*Data section*:
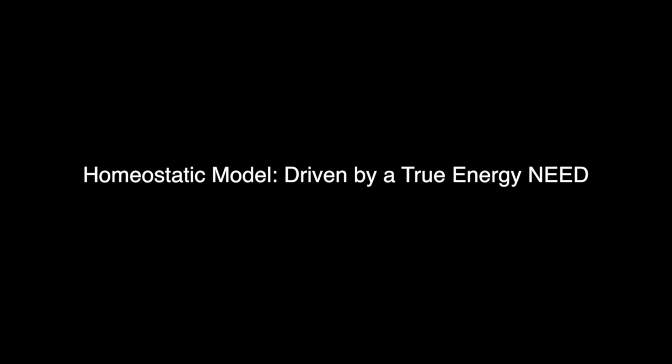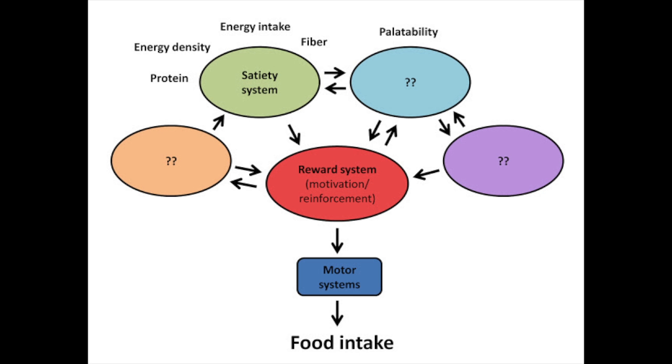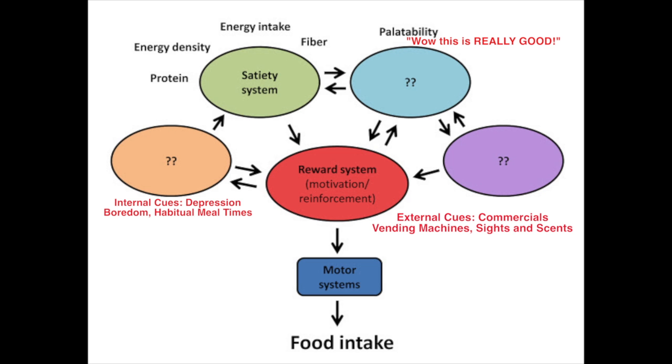Simply put, a homeostatic model of eating behavior for human beings doesn't work. A homeostatic model is based on physiological cues and doesn't account for social behaviors or whether food is palatable. Palatability means you're really enjoying that food — it tastes really good — and typically those high-palatability foods have a lot of sugars and fats. External cues also play a role, such as commercials, walking by a vending machine with your favorite candy bar, and different sights and scents that bombard us throughout the day.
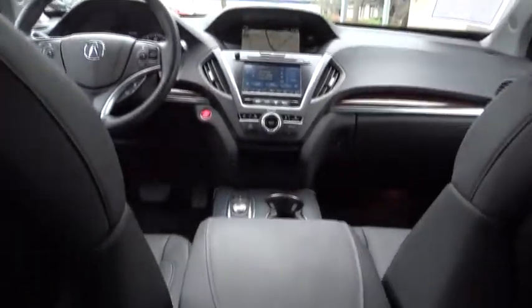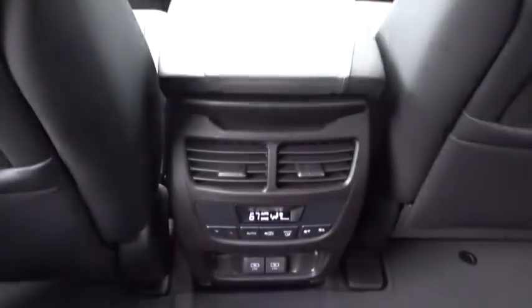Bluetooth, leather-wrapped steering wheel, adjustable steering wheel, power steering, cruise control, hard disk drive media storage, aluminum wheels, keyless start.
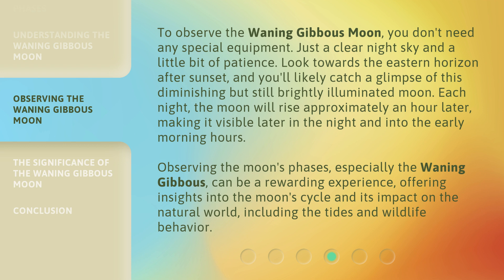Each night, the moon will rise approximately an hour later, making it visible later in the night and into the early morning hours. Observing the moon's phases, especially the waning gibbous, can be a rewarding experience, offering insights into the moon's cycle and its impact on the natural world, including the tides and wildlife behavior.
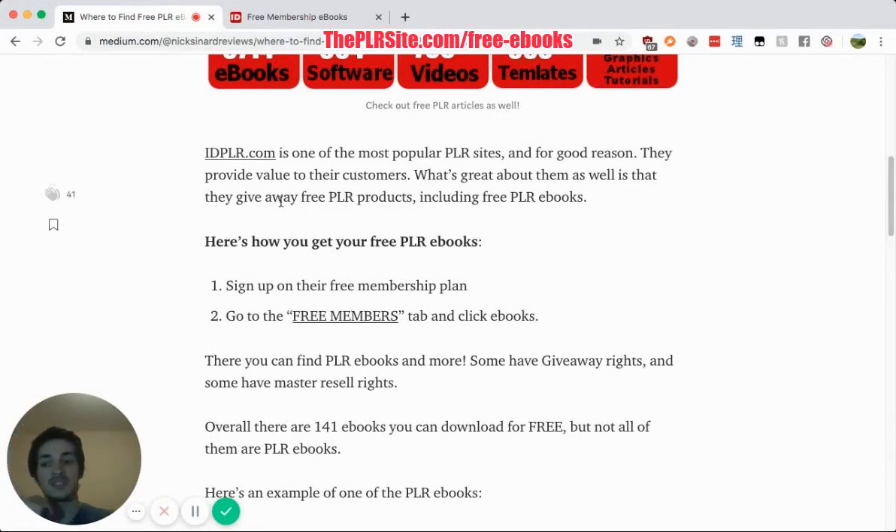Some sites make stuff I would never put my name to, ever. IDPLR is not one of those places — they are the opposite. They have good, high-quality content. So if you want to go there, just go to theplrsite.com/PLR-ebooks and they'll get you to this article, and you can easily go to IDPLR's free member section.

*Your task*:
Copy out all the data without changing anything, and drop the pictures.

*Response box*:
Simply put, a homeostatic model of eating behavior for human beings doesn't work. A homeostatic model is based on physiological cues and doesn't account for social behaviors or whether food is palatable. Palatability means you're really enjoying that food — it tastes really good — and typically those high-palatability foods have a lot of sugars and fats. External cues also play a role, such as commercials, walking by a vending machine with your favorite candy bar, and different sights and scents that bombard us throughout the day.
Bluetooth, leather-wrapped steering wheel, adjustable steering wheel, power steering, cruise control, hard disk drive media storage, aluminum wheels, keyless start.
Each night, the moon will rise approximately an hour later, making it visible later in the night and into the early morning hours. Observing the moon's phases, especially the waning gibbous, can be a rewarding experience, offering insights into the moon's cycle and its impact on the natural world, including the tides and wildlife behavior.
Some sites make stuff I would never put my name to, ever. IDPLR is not one of those places — they are the opposite. They have good, high-quality content. So if you want to go there, just go to theplrsite.com/PLR-ebooks and they'll get you to this article, and you can easily go to IDPLR's free member section.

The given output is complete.